**EXERCISE AIM**
Exclude the pictures, then repeat exactly each line from the one containing "Blue Video Game" to the final line of the records that follow.

+++ DATA PROVIDED +++

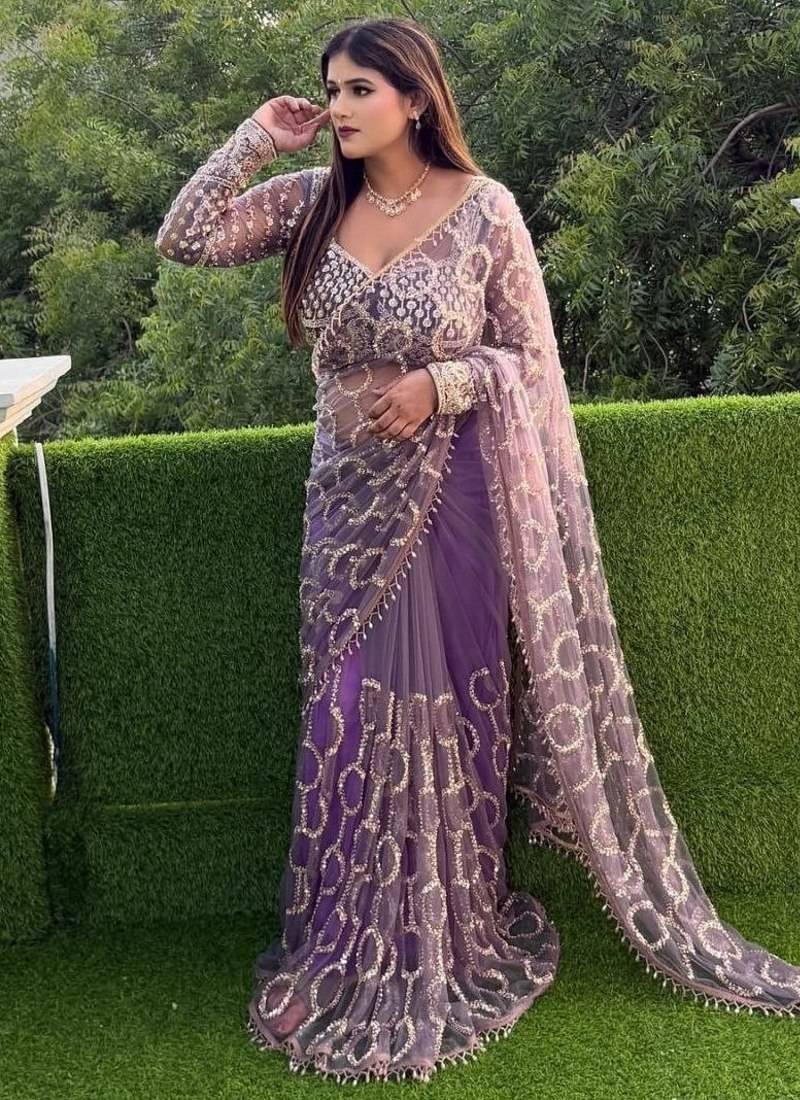 Purple  Color Sequins And Embroidery work  Net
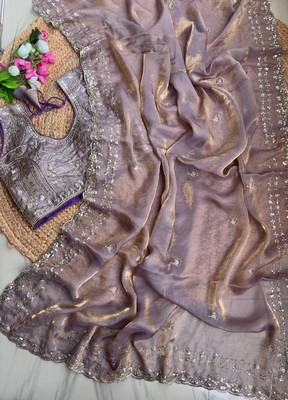 Lavender Color  embroidery  sequence work satin  silk saree 3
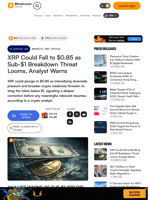 XRP Could Fall to $0.85 as Sub-$1 Breakdown Threat Looms, Analyst Warns – Markets and Prices Bitcoin News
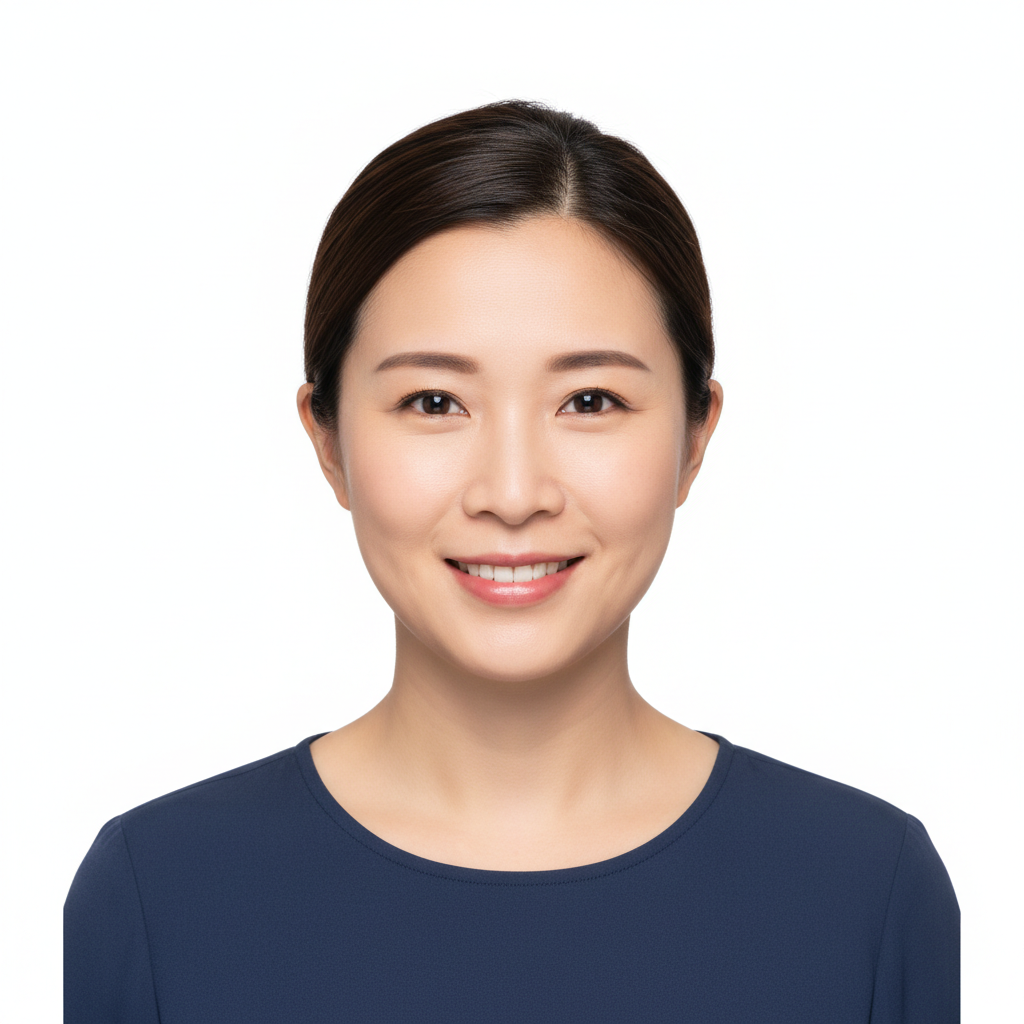 AI passport photo maker result — compliant ID photo of a smiling adult woman on a plain white background with head centred and shoulders square, generated by GPT Image 2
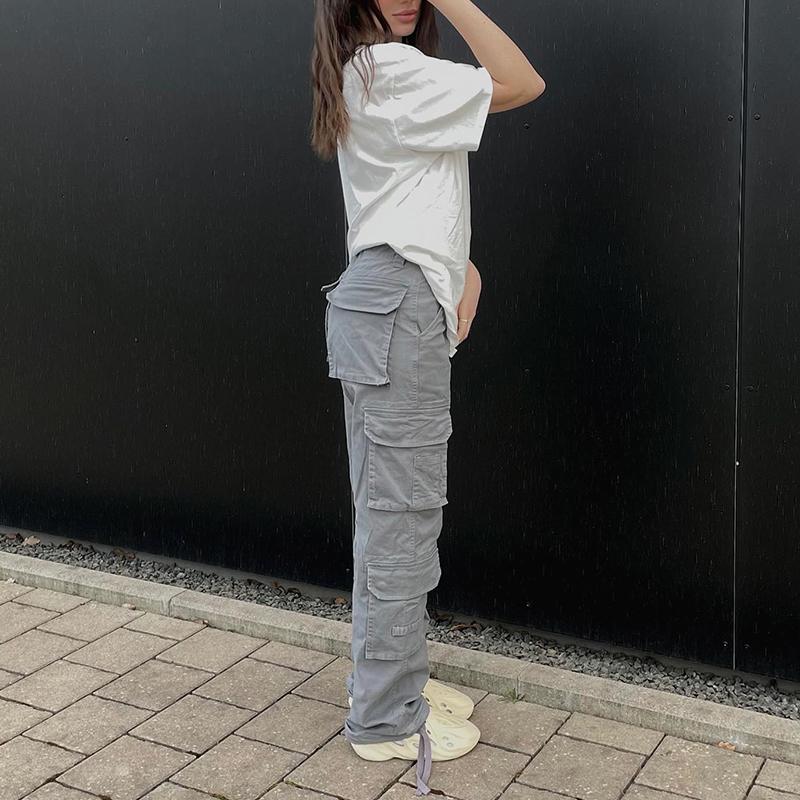 Vintage Cargo spodnie workowate dżinsy moda damska 90s Streetwear kieszenie szerokie nogawki wysokiej talii proste spodnie dżinsowe Y2k kombinezony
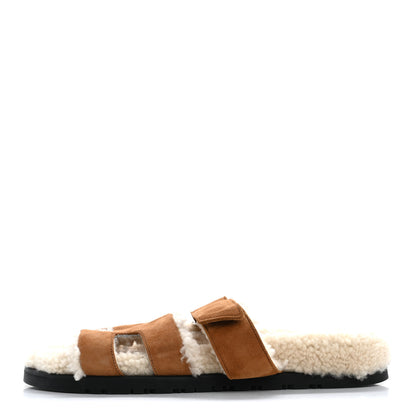 Hermes Suede Goatskin Woolskin Womens Chypre Sandals 38 Brun Fume Ecru 1 of 9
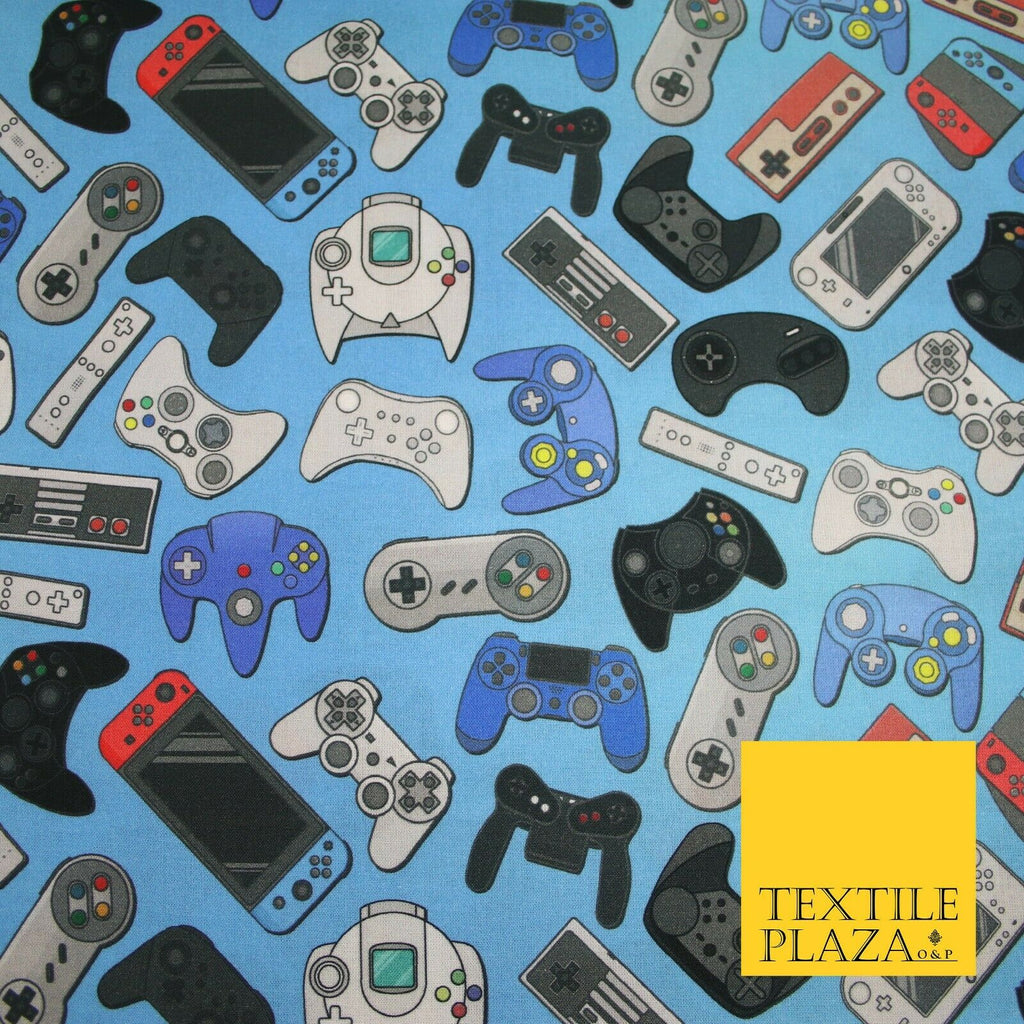 Blue Video Game Controllers Gaming Digital Print 100% Cotton Fabric 59" 7079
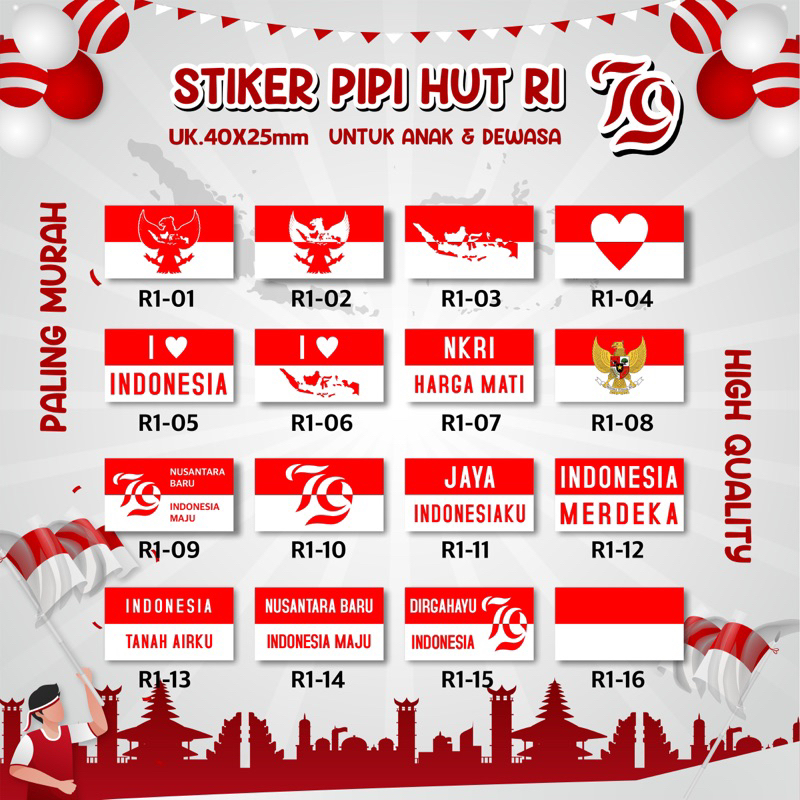 

STIKER PIPI HUT RI KE 79 / BENDERA / KEMERDEKAAN MURAH KUALITAS OKE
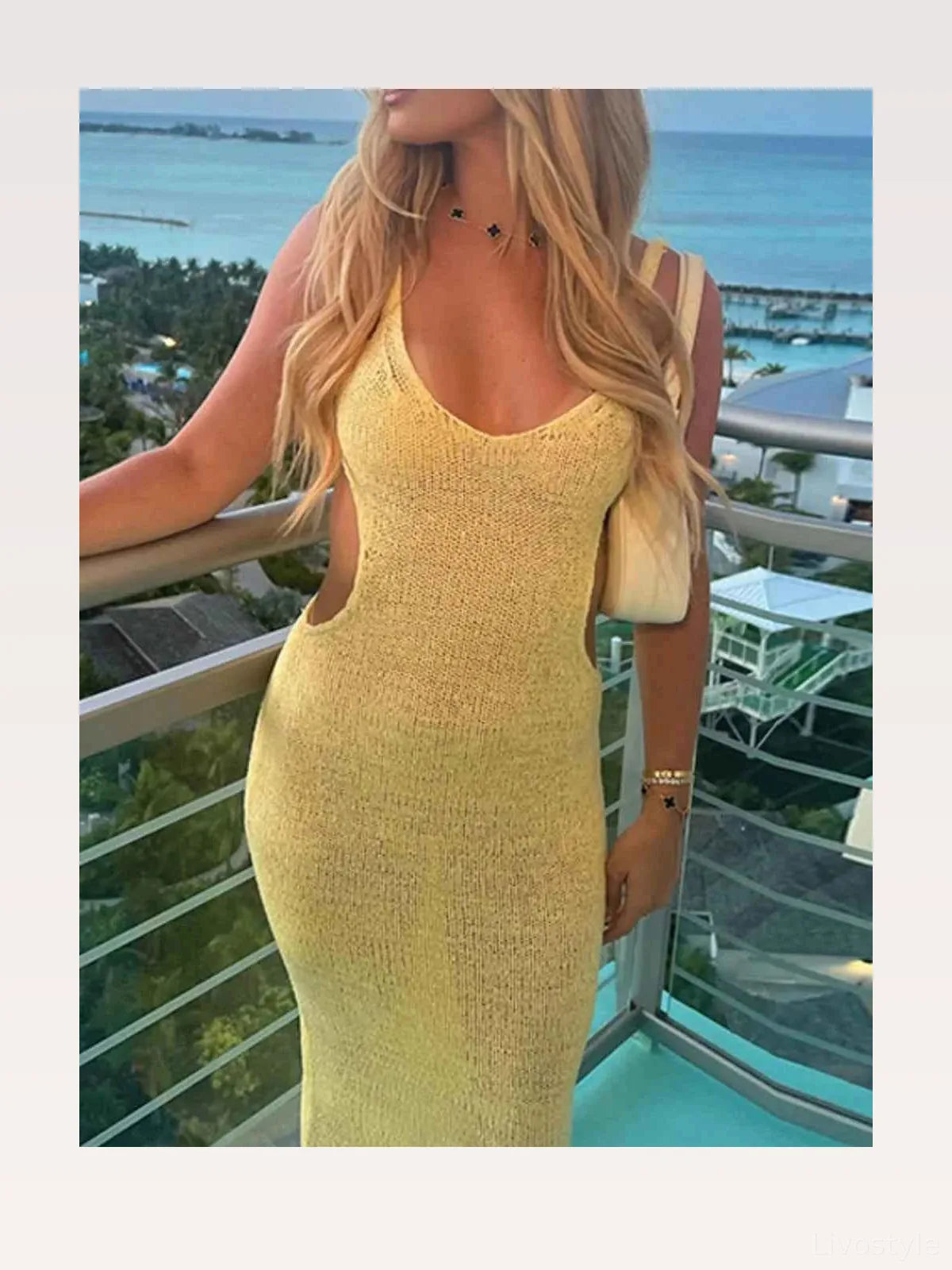 Backless Cutout Scoop Neck Cover-Up Dress — styled showcase — Livostyle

+++

**EXERCISE OUTPUT**
 Blue Video Game Controllers Gaming Digital Print 100% Cotton Fabric 59" 7079

STIKER PIPI HUT RI KE 79 / BENDERA / KEMERDEKAAN MURAH KUALITAS OKE
 Backless Cutout Scoop Neck Cover-Up Dress — styled showcase — Livostyle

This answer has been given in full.